▶ **Data block**:
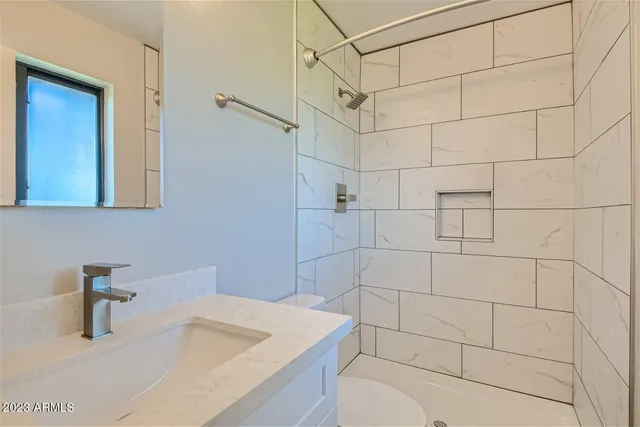 a bathroom with a sink toilet and shower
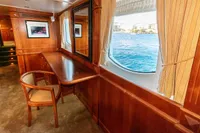 Luxurious yacht interior with wooden furnishings, large window, and ocean view, Custom GLOBAL ENGINEERING 1966.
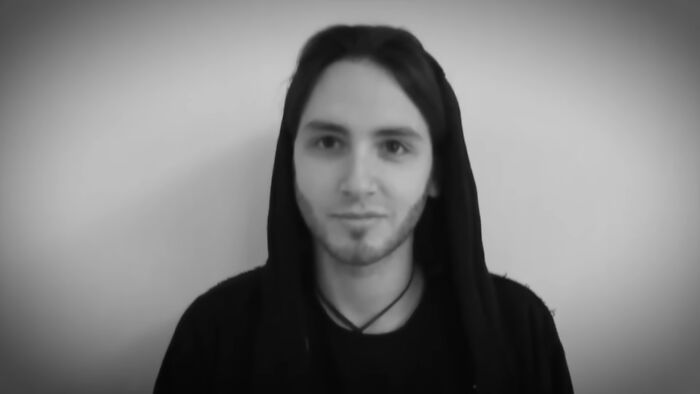Young man in a black hoodie against a plain background, featured in videos that gain meaning with context.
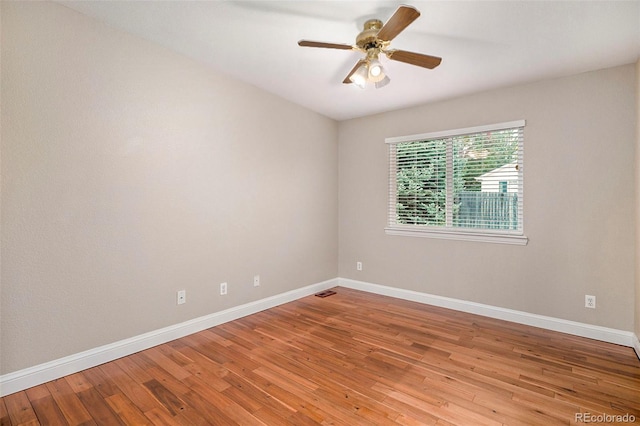 unfurnished room with hardwood / wood-style floors and ceiling fan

▶ **Prompt**: The material above must be printed exactly, with its pictures left out.

▶ **Result of the task**:
 a bathroom with a sink toilet and shower
 Luxurious yacht interior with wooden furnishings, large window, and ocean view, Custom GLOBAL ENGINEERING 1966.
Young man in a black hoodie against a plain background, featured in videos that gain meaning with context.
 unfurnished room with hardwood / wood-style floors and ceiling fan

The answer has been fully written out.